In the most theoretical conception, game-playing computers for perfect-information zero-sum games (most abstract board games: those with no hidden state with all players working toward the same objectives, to be not entirely accurate but more readable than perfect accuracy allows for) are as simple as exploring every possible move and every possible countermove from the current position to the end of the game. Assuming perfect play on both sides, every result will be either a win, a loss, or a draw—that is, abstract strategy games are perfectly deterministic. (Checkers isn't completely solved, but we do know now, as a result of the work from 2007, that perfect play on both sides from the start always yields a draw.)

This is, however, a massively impractical way to actually play a game, because the number of positions to explore rapidly turns intractable. Speed-focused modern chess engines search on the order of millions of nodes (in the game tree) per second, but searching a chess position exhaustively to a depth of 7 requires a search of about 60 billion nodes. Traditional games like chess and checkers yielded to some optimizations on this process:

  1. It's easy to look at a chess or checkers board and tell how well the game is going for a certain player: in both games, it comes down primarily to the balance of pieces. (The last I read, advantages in position are worth a pawn or two in a game of chess if they're all going your way; the queen is worth nine pawns.) So, you don't need to explore all the way to the bottom of the game tree to get an idea of which directions are promising. You just explore as deep as you can and evaluate the position.
  2. If you have a good evaluation function (that is, one that generally only evaluates a position as better when it's closer to winning), you can do some easy pruning when you come across a game state that's known to be worse than the worst possibility you've explored: in that case, you just don't explore any further in that direction. It works even better if you can assess which moves are likely to be good and explore those first: if you try the best move first, every subsequent move is going to turn out to be worse, and you'll save a bunch of time.

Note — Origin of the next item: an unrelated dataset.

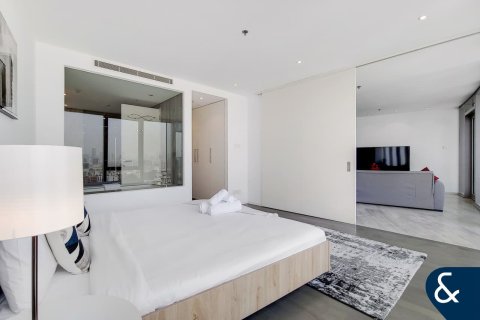 Купить квартиру в D1 Tower, Culture Village, Дубай: 1 спальня, 96м², № 75528 - фото 7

So chess computers today, working with those tools, are better than the best human players: the effective branching factor (the number of moves to explore at each state in the tree), using the pruning techniques above, goes from about 35 to between 1 and 10, depending on the exact techniques used. The reason Go didn't fall to traditional techniques is because it's just so much more computationally difficult. Chess's branching factor (the number of possible moves at each state) is about 35, and games last about 80 moves; Go's branching factor is about 250 on average, and runs about 150 moves. It also features a few difficulties that chess does not:

  1. It's a very non-local game, both in space and in time: a move made at the very start of the game halfway across the board could have implications fifty turns later on the strength of the positions played at the start. This is a horizon problem: in chess, most positions become quiescent—not likely to affect the end effect of that position on the overall evaluation—after the captures stop. Modern chess engines will play all the way through capture sequences for this reason; there's no similar metric to use for go engines.
  2. It's very difficult to evaluate a board position on purely objective grounds, or rather, we haven't figured out how to phrase, mathematically, what about a good go position is good. Neither present control of territory nor present number of captures bears very strongly on the eventual result.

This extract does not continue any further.